Your answer should be every line of the records that contains the word "Cardigan", copied as it stands.

********************

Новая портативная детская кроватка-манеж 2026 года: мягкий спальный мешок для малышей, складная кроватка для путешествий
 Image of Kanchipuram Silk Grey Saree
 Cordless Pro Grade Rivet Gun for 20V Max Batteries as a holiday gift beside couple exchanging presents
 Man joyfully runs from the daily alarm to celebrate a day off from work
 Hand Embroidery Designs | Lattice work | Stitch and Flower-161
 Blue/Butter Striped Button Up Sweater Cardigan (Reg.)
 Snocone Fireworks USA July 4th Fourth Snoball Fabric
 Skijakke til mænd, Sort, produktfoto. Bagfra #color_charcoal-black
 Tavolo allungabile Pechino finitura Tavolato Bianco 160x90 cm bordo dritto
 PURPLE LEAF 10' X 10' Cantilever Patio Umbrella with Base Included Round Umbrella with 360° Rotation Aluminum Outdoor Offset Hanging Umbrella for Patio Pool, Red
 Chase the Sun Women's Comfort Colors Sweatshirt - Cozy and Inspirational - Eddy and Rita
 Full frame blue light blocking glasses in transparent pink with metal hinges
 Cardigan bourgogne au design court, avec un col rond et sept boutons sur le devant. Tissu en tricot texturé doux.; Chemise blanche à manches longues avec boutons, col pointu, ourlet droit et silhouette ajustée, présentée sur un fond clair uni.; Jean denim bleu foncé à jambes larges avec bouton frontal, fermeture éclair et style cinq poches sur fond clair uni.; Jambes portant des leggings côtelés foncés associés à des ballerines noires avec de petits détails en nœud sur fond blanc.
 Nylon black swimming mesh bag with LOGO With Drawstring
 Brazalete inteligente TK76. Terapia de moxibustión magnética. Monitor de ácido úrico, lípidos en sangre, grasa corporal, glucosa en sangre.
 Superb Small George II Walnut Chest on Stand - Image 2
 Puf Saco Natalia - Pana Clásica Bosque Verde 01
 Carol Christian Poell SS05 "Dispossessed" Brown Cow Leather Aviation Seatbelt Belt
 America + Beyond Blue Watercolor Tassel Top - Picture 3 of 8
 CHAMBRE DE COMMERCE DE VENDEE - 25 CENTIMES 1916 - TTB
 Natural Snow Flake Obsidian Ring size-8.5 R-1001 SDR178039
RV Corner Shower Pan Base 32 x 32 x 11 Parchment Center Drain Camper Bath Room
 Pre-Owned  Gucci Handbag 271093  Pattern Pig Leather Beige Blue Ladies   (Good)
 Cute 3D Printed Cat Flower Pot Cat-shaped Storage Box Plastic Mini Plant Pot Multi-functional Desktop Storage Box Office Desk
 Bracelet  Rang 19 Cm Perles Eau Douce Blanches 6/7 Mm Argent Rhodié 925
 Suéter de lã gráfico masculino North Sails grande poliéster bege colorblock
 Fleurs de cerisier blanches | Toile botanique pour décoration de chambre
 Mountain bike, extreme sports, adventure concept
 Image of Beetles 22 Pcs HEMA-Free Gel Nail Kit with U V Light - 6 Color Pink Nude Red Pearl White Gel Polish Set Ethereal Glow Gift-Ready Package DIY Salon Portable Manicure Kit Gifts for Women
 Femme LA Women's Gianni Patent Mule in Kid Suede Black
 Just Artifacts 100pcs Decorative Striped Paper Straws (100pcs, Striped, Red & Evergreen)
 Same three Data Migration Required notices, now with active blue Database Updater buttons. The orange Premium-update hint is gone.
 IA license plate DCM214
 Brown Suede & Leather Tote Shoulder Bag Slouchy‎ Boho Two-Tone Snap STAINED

********************

Reply:
 Blue/Butter Striped Button Up Sweater Cardigan (Reg.)
 Cardigan bourgogne au design court, avec un col rond et sept boutons sur le devant. Tissu en tricot texturé doux.; Chemise blanche à manches longues avec boutons, col pointu, ourlet droit et silhouette ajustée, présentée sur un fond clair uni.; Jean denim bleu foncé à jambes larges avec bouton frontal, fermeture éclair et style cinq poches sur fond clair uni.; Jambes portant des leggings côtelés foncés associés à des ballerines noires avec de petits détails en nœud sur fond blanc.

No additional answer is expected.